The tales of this brutality are almost beyond belief. They do not come out directly, put forward to arouse sympathy; very far from that. They crop out incidentally in the course of conversation and are only related when I ply the prisoner with questions. One man tells of being sent to a dark cell because he would not reveal to the warden something he did not know, and therefore could not reveal, about one of his fellow prisoners.
“Didn’t you really know, or wouldn’t you be a stool-pigeon?” is my natural question.
“I really didn’t know,” replies the trusty.
But the warden chose to think that the poor fellow did know, and sent him to the dark cell on bread and water for eight days. Then he was brought up, more dead than alive, given a single meal, and sent back to the dark cell for twelve days more.
Twenty days in darkness—on bread and water—for withholding information which he did not possess.
(It should be added that this did not happen under any warden now holding office.)
What are men made of who can treat human beings like that? I supposed that the Middle Ages were safely passed; but here is the medieval idea of the torture chamber to extract information right over again.

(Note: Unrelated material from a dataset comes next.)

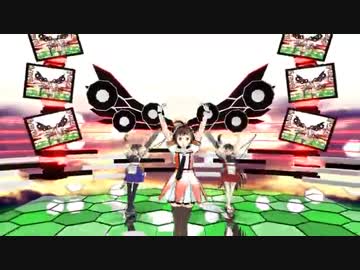 『恋の2-4-11』を那珂ちゃんと艦娘チルドレン【仮】で、歌って踊ってみた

Then there is that other story of the man who committed suicide in the jail. This is what is told to me:
A number of years ago a poor fellow was sent here. His first night in prison was so terrible a nervous strain upon him, as it apparently is to all prisoners, that he could not keep from hysterical crying. The officer on guard ordered him to stop, but he could not control himself. So the officer chalked him in.
The next day he was reported for punishment and sent down to the jail, although he protested that it would kill him. That night he strangled himself with his handkerchief.